Algo a lo que, por suerte, estamos acostumbrados. Cincuenta años juntos se dice pronto, pero hay un montón de vivencias detrás. Mucho cimiento, mucha infraestructura sólida.

Cuando Carmen me preguntó si me apetecería algo especial para comer hoy día 8, antes de bajar a la mani de las/los feministas, le contesté: “Croquetas”. Y antes, cuando los dos buscábamos un sitio adonde ir a pasar el día 7 nuestra “soledad de dos en compañía”, un nombre surgió espontáneo: “Montpellier”.

Lo de las croquetas es fácil de explicar. A mí la langosta Thermidor me indifiere, el esturión con huevas y rehuevas incluidas no me dice nada inteligible, y de otros manjares exquisitos como los huevos duros me atrevo a prescindir incluso en los grandes festines.

De las croquetas, no. Preciso: de las que prepara Carmen. Martí i Pol no las probó nunca, pero escribió unos versos que parecen hechos pensando en ellas:

Se’ns esmolen les dentetes
Quan la Carmen fa croquetes.
Ben rosses i cruixidores,
No te’n menges, en devores.
En qualsevol ocasió,
Si hi ha croquetes, millor.

Las croquetas, entonces, diríamos que cayeron por su propio peso. Lo de Montpellier es distinto.

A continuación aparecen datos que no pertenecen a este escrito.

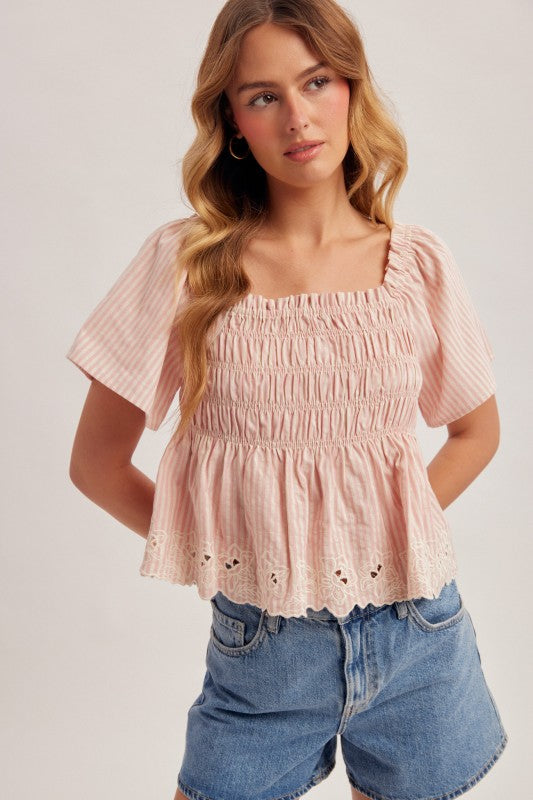Pink Flutter Sleeve Embroidered Peplum Top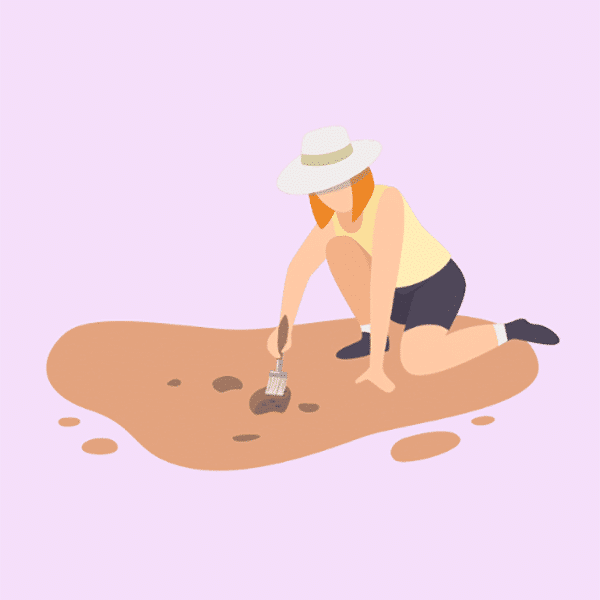 Illustration of Female Archaeologist Digging
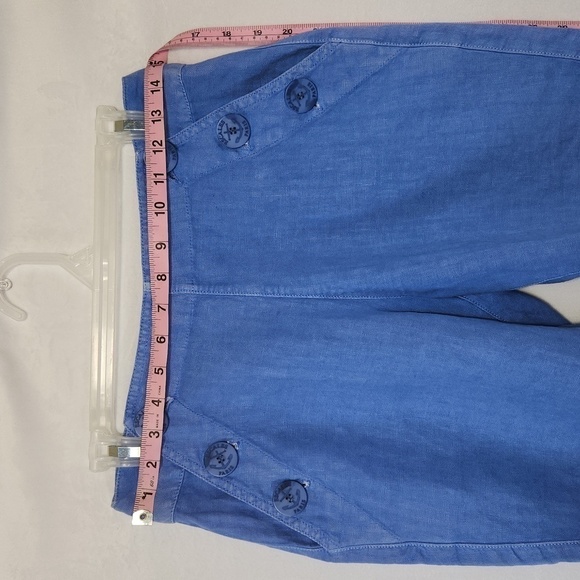 Escales Paris Women EU36/US6 100% Linen Sailor Button Front Back Pocket Shorts - Picture 11 of 16
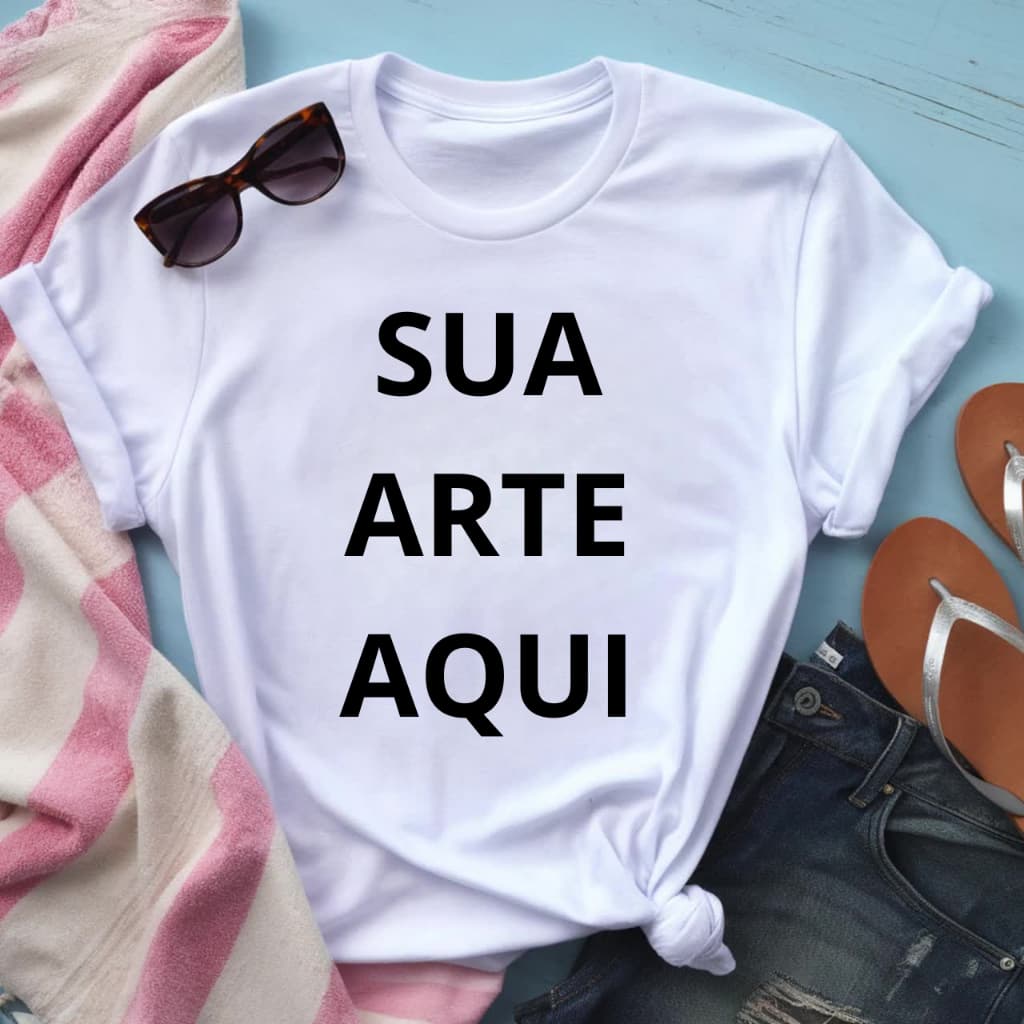 CAMISETA BRANCA PERSONALIZADA COM SUA LOGO, FOTO OU ARTE DE SUA PREFERENCIA - ENVIAR DETALHES DA PERSONALIZAÇÃO NO CHAT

Ha habido épocas difíciles en nuestra vida. Los primeros ochenta fueron una de ellas. Niños que crecían, un trabajo muy exigente (con frecuencia también muy ingrato) para mí en el sindicato, pocas horas dedicadas a la familia y Carmen erigida en la columna dórica que sostenía todo el edificio con su salario de mujer trabajadora, su multiplicación de esfuerzos para cubrir solidariamente mis ausencias, y su combatividad contagiosa.

En los veranos buscamos una vita beata1 alternativa del lado de Francia. Francia fue entonces, para nosotros, el paraíso a la vuelta de la esquina. Pasamos de largo de Perpinyà y Narbona, recalamos alguna vez entre Beziers y Agde, probamos con poca fortuna entre Marseillan y Sète, y acabamos encontrando lo que buscábamos en el entorno de Montpellier: un camping familiar en Aimargues, la playa de La Grande Motte, las excursiones en busca de librerías y otras formas de cultura en la cercana metrópoli de Montpellier.

No es una ciudad especialmente bella ni tranquila, pero tiene un núcleo antiguo encantador que ocupa el perímetro del montículo, el Monte Pelestario según afirman las enciclopedias, en el que se construyó hacia el año 1000 la fortaleza rural original.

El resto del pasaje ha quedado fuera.